The U.S. economy is getting a boost from stronger construction activity while manufacturers are struggling from a stronger dollar that hurts the export business. Tight labor markets continue to drive gains in the housing sector.
Outlays for residential and nonresidential projects were up for the eight straight months, and climbed 0.7% in July, the Commerce Department said on Tuesday. That put the seasonally adjusted annual rate at an estimated $1.08 trillion, the highest level since May 2008. It grew by a similar 0.7% in June.
An increase in the building of houses, factories and power plants led to a 13.9% jump in construction spending in the 12 months through July, the biggest year-over-year gain since March 2006. Spending on government building projects slipped slightly, although it has risen over the last year largely because of the construction and maintenance of highways and streets. Other reports also point to the strength in residential construction. Housing starts rose 0.2% in July to a seasonally adjusted annual rate of 1.21 million homes, the government said last week. All of July’s gains were driven by construction of single-family houses, which climbed 12.8% to the highest level since December 2007. In July, construction of single-family houses increased 2.1%, factories rose 4.7% and power plants grew 2.1%.
“We expect housing activity will continue to strengthen, underpinning greater residential investment in the coming quarters,” said Gregory Daco, head of United States macroeconomics at the forecasting firm Oxford Economics.
Meanwhile, U.S. home buyer demand remained steady in July, although consumers did not react significantly to easing mortgage rates. Contracts to buy previously owned U.S. homes rose less than expected in July, but continued to suggest upward momentum in the housing market recovery. The Pending Home Sales Index, based on contracts signed last month, as released by the National Association of Realtors, increased 0.5% to 110.9.

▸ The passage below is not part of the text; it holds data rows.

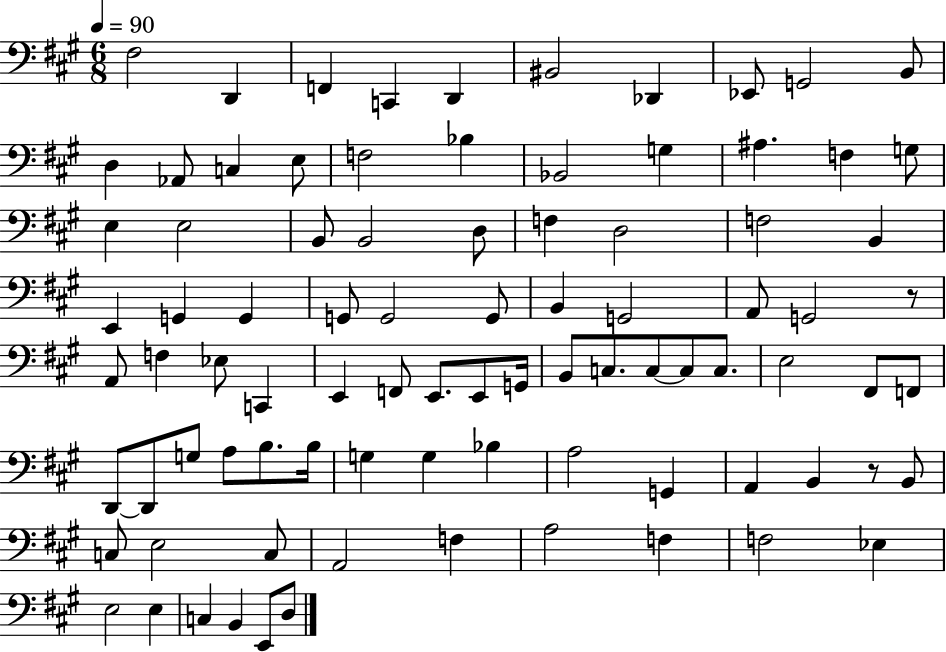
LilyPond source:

{
  \clef bass
  \numericTimeSignature
  \time 6/8
  \key a \major
  \tempo 4 = 90
  fis2 d,4 | f,4 c,4 d,4 | bis,2 des,4 | ees,8 g,2 b,8 | \break d4 aes,8 c4 e8 | f2 bes4 | bes,2 g4 | ais4. f4 g8 | \break e4 e2 | b,8 b,2 d8 | f4 d2 | f2 b,4 | \break e,4 g,4 g,4 | g,8 g,2 g,8 | b,4 g,2 | a,8 g,2 r8 | \break a,8 f4 ees8 c,4 | e,4 f,8 e,8. e,8 g,16 | b,8 c8. c8~~ c8 c8. | e2 fis,8 f,8 | \break d,8~~ d,8 g8 a8 b8. b16 | g4 g4 bes4 | a2 g,4 | a,4 b,4 r8 b,8 | \break c8 e2 c8 | a,2 f4 | a2 f4 | f2 ees4 | \break e2 e4 | c4 b,4 e,8 d8 | \bar "|."
}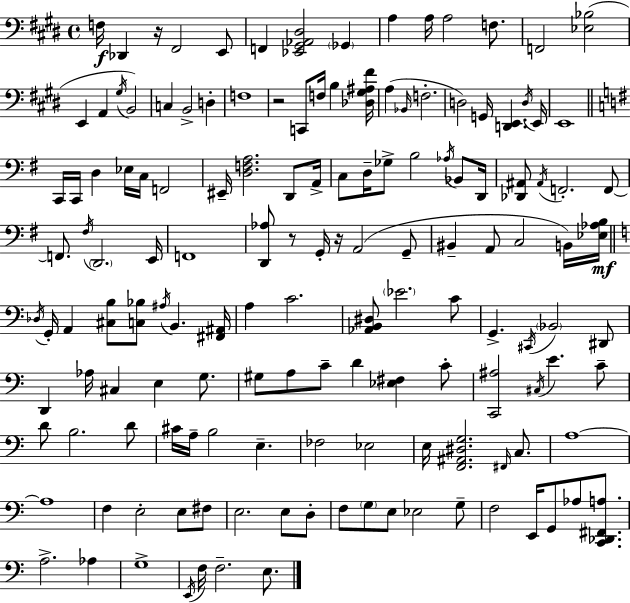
X:1
T:Untitled
M:4/4
L:1/4
K:E
F,/4 _D,, z/4 ^F,,2 E,,/2 F,, [_E,,^G,,_A,,^D,]2 _G,, A, A,/4 A,2 F,/2 F,,2 [_E,_B,]2 E,, A,, ^G,/4 B,,2 C, B,,2 D, F,4 z2 C,,/2 F,/4 B, [_D,^G,^A,^F]/4 A, _B,,/4 F,2 D,2 G,,/4 [D,,E,,] D,/4 E,,/4 E,,4 C,,/4 C,,/4 D, _E,/4 C,/4 F,,2 ^E,,/4 [D,F,A,]2 D,,/2 A,,/4 C,/2 D,/4 _G,/2 B,2 _A,/4 _B,,/2 D,,/4 [_D,,^A,,]/2 ^A,,/4 F,,2 F,,/2 F,,/2 ^F,/4 D,,2 E,,/4 F,,4 [D,,_A,]/2 z/2 G,,/4 z/4 A,,2 G,,/2 ^B,, A,,/2 C,2 B,,/4 [_E,_A,B,]/4 _D,/4 G,,/4 A,, [^C,B,]/2 [C,_B,]/2 ^A,/4 B,, [^F,,^A,,]/4 A, C2 [_A,,B,,^D,]/2 _E2 C/2 G,, ^C,,/4 _B,,2 ^D,,/2 D,, _A,/4 ^C, E, G,/2 ^G,/2 A,/2 C/2 D [_E,^F,] C/2 [C,,^A,]2 ^C,/4 E C/2 D/2 B,2 D/2 ^C/4 A,/4 B,2 E, _F,2 _E,2 E,/4 [F,,^A,,^D,G,]2 ^F,,/4 C,/2 A,4 A,4 F, E,2 E,/2 ^F,/2 E,2 E,/2 D,/2 F,/2 G,/2 E,/2 _E,2 G,/2 F,2 E,,/4 G,,/2 _A,/2 [C,,_D,,^F,,A,]/2 A,2 _A, G,4 E,,/4 F,/4 F,2 E,/2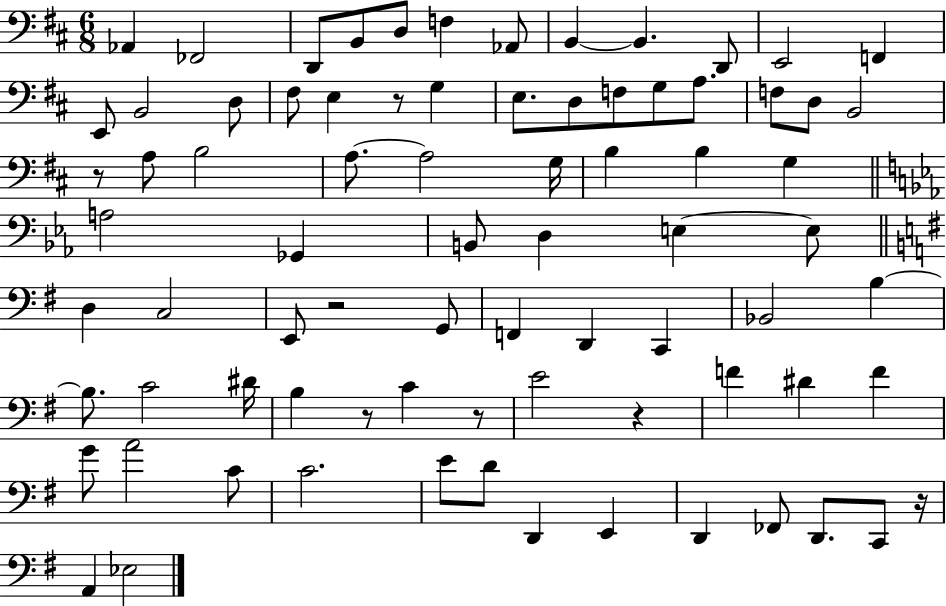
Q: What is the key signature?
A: D major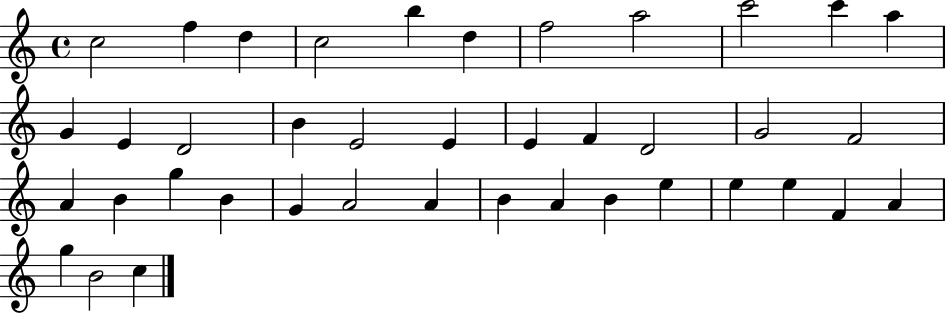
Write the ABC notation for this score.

X:1
T:Untitled
M:4/4
L:1/4
K:C
c2 f d c2 b d f2 a2 c'2 c' a G E D2 B E2 E E F D2 G2 F2 A B g B G A2 A B A B e e e F A g B2 c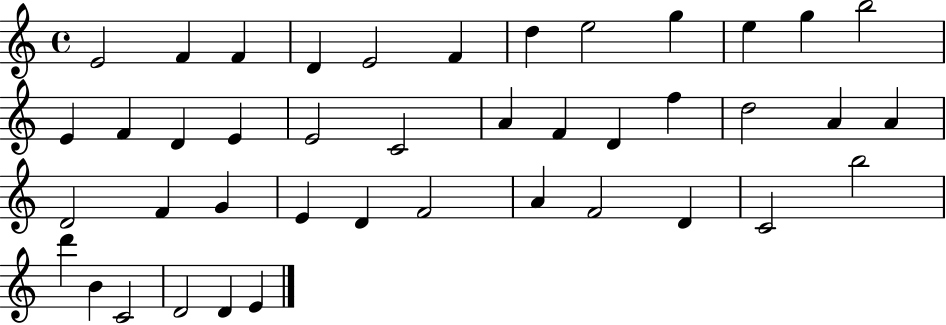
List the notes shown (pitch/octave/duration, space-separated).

E4/h F4/q F4/q D4/q E4/h F4/q D5/q E5/h G5/q E5/q G5/q B5/h E4/q F4/q D4/q E4/q E4/h C4/h A4/q F4/q D4/q F5/q D5/h A4/q A4/q D4/h F4/q G4/q E4/q D4/q F4/h A4/q F4/h D4/q C4/h B5/h D6/q B4/q C4/h D4/h D4/q E4/q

Pending home contracts become sales after a month or two, and last month’s increase suggested further gains in home resales, which reached an 8-1/2-year high in July. On a yearly basis, pending home sales increased for the 11th consecutive month and rose 7.4%, indicating the strengthening housing market. The July Index is the third highest reading of 2015. Contracts increased 4.0% in the Northeast and were unchanged in the Midwest. They rose 0.6% in the South, but fell 1.4% in the West.
Contract activity in most of the country held steady last month, which bodes well for existing sales to maintain their recent elevated pace to close out the summer,” said Lawrence Yun, chief economist for the NAR in a release. “While demand and sales continue to be stronger than earlier this year, realtors have reported since the spring that available listings in affordable price ranges remain elusive for some buyers trying to reach the market and are likely holding back sales from being more robust.”
Overall Economy Gets a Boost from Construction
Gains in construction, including the groundbreakings for houses, apartment complexes and commercial centers, have laid a foundation for broader economic growth. The government said last week that the economy expanded at an annual rate of 3.7% in the April-to-June quarter, after edging up just 0.6% in the first quarter.
“The U.S. economy continues to move forward. Manufacturing is slowing, but domestic demand remains strong,” said Joel Naroff, chief economist at Naroff Economic Advisors in Holland, Pennsylvania. “With families buying houses as well, we should see an upturn in the demand for manufacturing goods that go into building those products.” The economy grew at a 3.7% annual pace in the second quarter. The Gross Domestic Product growth estimates for the third quarter are currently above a 2.5% rate.